Lesson #1 – November 2024
A five minute conversation with love can shift everything
If you’ve read my birthday reflection emails in years past, you already know how inspiring I find Elizabeth Gilbert’s writing and concepts. In November, I stumbled upon her substack, particularly an entry in which she talks about a practice called “Two-Way Prayer.” As luck would have it, this practice was just what I needed during this season. Here’s how it works, you open your notebook, and write the question: “Dear Love (or God, or whatever feels right to you), what would you have me know today?”, and from there you simply write whatever naturally comes to the tip of your pen. The trick here is not to overthink, and don’t spend more than five minutes doing it. It’s not meant to be perfect prose, but simply a practice in allowing the love that is always in you, to come to the surface and be seen and felt for a brief moment. That brief moment can be a powerful reset that gives you a genuinely, positive reset.
Lesson #2 – December 2024
When you’re feeling bogged down, remember your “why”

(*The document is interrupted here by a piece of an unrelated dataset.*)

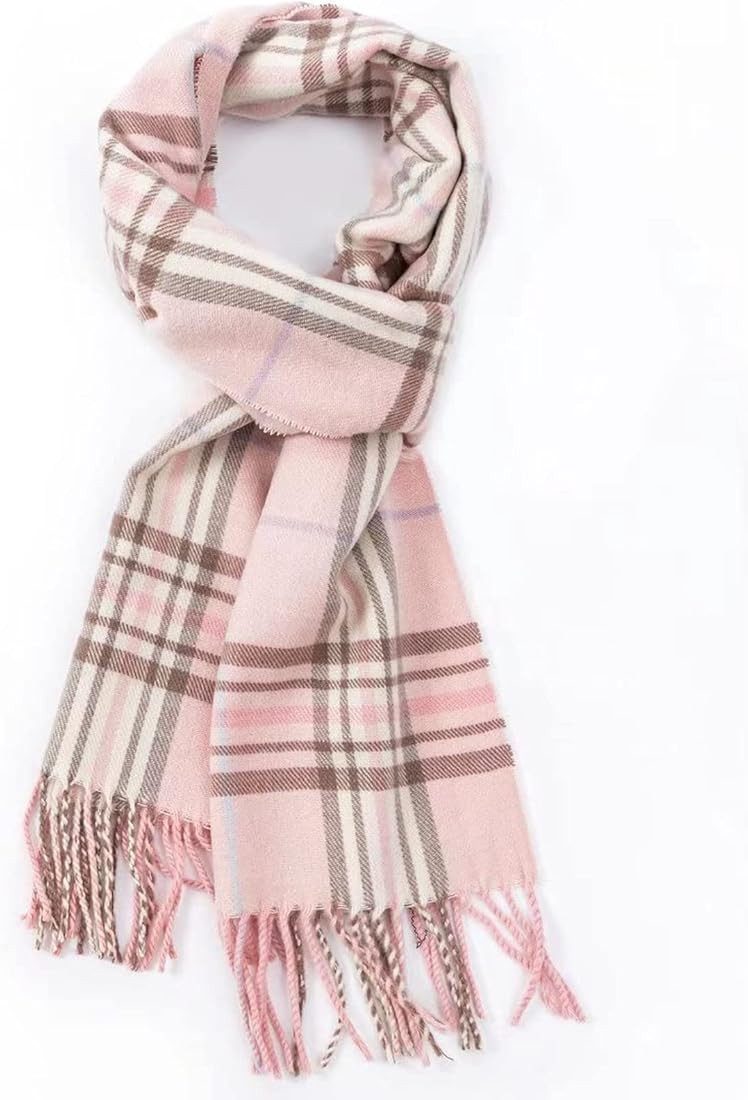 AUSEKALY Scarf For Men Women Cashmere Neck Scarf Plaid Winter Scarf Fall Softest Classic Warm | Amazon (US)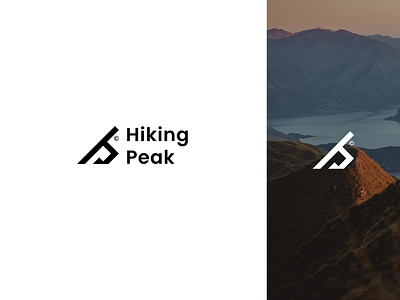 Minimalist logo design - Hiking Peak - Mounting - Logo Design abstract best logo design brand identiy branding design creative logo dribbbledesign graphicdesign letter logo design letter minimalist logo design logo logo inspiration logodaily logomaker logos minimalist logo modern logo design monogram logo negative space logo design typography unique logo design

I met December with a schedule that was packed and planned down to the minute. With two kids who were in full swing of the magic of Santa, I reminded myself that the years are flying by and to try to be present in these special moments. Wrapping up work for the year was equally busy, and I reminded myself that the vision of this work isn’t to get my to-do list done. There is no reward for checking off all the boxes. I spent some time thinking about my why, when my mind felt like it was being pulled in a hundred directions. I was grateful to have taken a trip with my family, where I remembered the importance of play. Traveling across the country for Christmas, and having the chance to swim in the ocean and tune out the rest of the world reminded me of just how small I am in this world, and validated my earlier notion of not sweating the small stuff.
In preparation for a Pathfinder client that I was going to be supporting on her creative journey, I re-read Big Magic for the third time. Each time I read it with a new perspective and experience under my belt, and it gives me just what I need in that season. A favorite passage from this time around was: “What are the treasures hidden inside you? What do they want you to say yes to? The hunt to uncover those jewels, that’s creative living.”
Lesson #3 – January 2025
Perspective is a beautiful teacher
January always brings a welcome hibernation. It’s dark and cold out, the holiday buzz has worn off, and everyone is thinking about their intentions for the upcoming year. I thought a lot about what I wanted to let go of in this next season of life: situations that make me feel “ugh,” feeling the need to “do it all,” worry, grudges, unreasonable expectations. I really felt determined and ready to stand my ground with confidence and kindness. I used the metaphors of a mountain, a staple, and a pillar to help me bring to life how I wanted to feel. I have felt that way before, and I really wanted to show up as that in my daily life. My intentional word for the year was “affirmed.”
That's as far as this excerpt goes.